First and foremost, I am not trying to stir things up in a negative sense. What I am interested in is honestly assessing the criticisms against, and shortcomings of, the Bulldog and Mastiff breeds and just hear what specifically breeders and owners should improve on (aside from owners' image) to make these dogs match the hype. Even if I never own another one, I would still like to see them improve as a whole and the really special ones be capitalized on for improving the breeds rather than just breeding for looks and more money. So hopefully this can be viewed as what, if anything, can and should be done to improve the Molosser breeds from the perspective of a largely herder-based audience. Or if you feel it's, you know, a lost cause and the Bandoggers and Bulldoggers should just go get a good GSD or two and leave the Bulldog on the couch. 

-Cheers


----------



## Jeff Oehlsen (Apr 7, 2006)

Spell my ****ing name right.


----------



## David Ruby (Jul 21, 2009)

Jeff Oehlsen said:


> Spell my ****ing name right.


Sorry, I copy-&-pasted from the link.

Jeff Oehlsen (it was too late to edit my post). Unless it was another Jeff O. who said that, maybe? 

-Cheers


----------



## Kyle Sprag (Jan 10, 2008)

I don't consider Bulldogs and Bandog/Mastifs in the same league.

There are still quite a few people producing decent working Bulldogs out there.


The Bandog/Mastif thing is 99% Hype.



As for your information, you need to check the facts for yourself, Don't believe everything you hear and read on the WWW.


----------



## Michael Swetz (Jul 27, 2009)

I don't know much about working dogs, but I'm trying to learn more (hence my presence on this site). However, my 2 cents, for what little it's worth, is as follows. I own 2 Cani Corsi (Italian Mastiffs) and have generally found that with a relatively unknown and untested breed, it's hard to get a significant number of people pursuing working ability. 

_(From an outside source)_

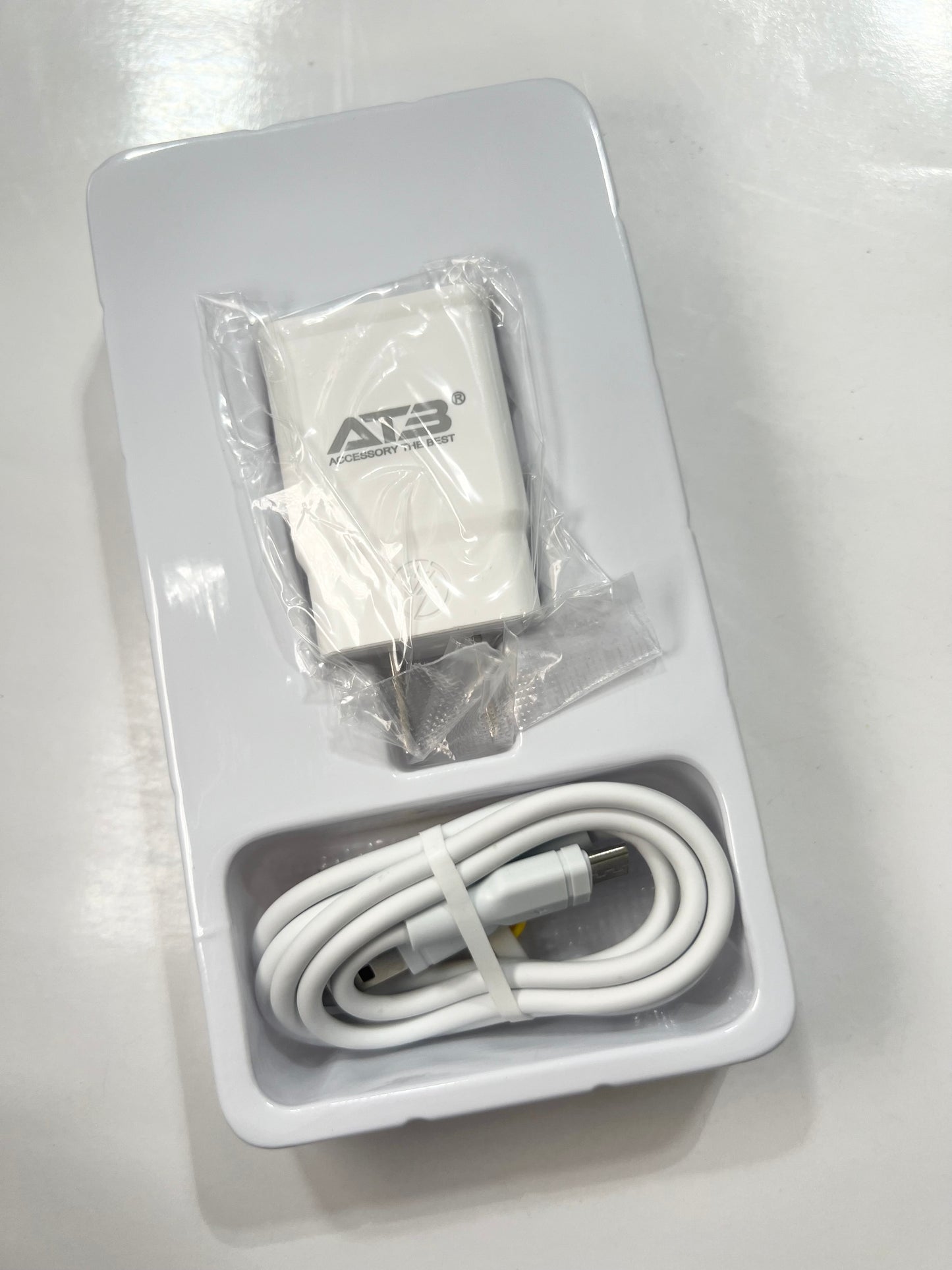 CARGADOR ATB V8 4A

Most trainers aren't really interesting in putting effort into dogs with little to no appreciable working ancestors and relatively low prey drive. Most breeders are primarily interested in showing, not working dogs. It requires fewer hours of training and most puppy buyers would rather have a pretty dog than a dog that drives you nuts until you do something with it. Also, there aren't many breeders who won't breed a dog that could be shown, but certainly can't be worked. There are some kennels that have a reputation for breeding working corsi, but until they start titling a significant number of dogs, no one is going to pay much attention to them.

I haven't seen a bandog in person, but what I have seen is plenty of people trying to cash in on them. I see classified ads for "American Bandogge Mastiffs" proclaimed to be "the ultimate home protector and like Curly from Fear Factor." Upon closer inspection, someone just bred an American Bulldog and Neo they happened to have that weren't even 2 years old yet. I wouldn't trust that the dogs' hips wouldn't pop out of socket when running much less that they'd ever hit a sleeve.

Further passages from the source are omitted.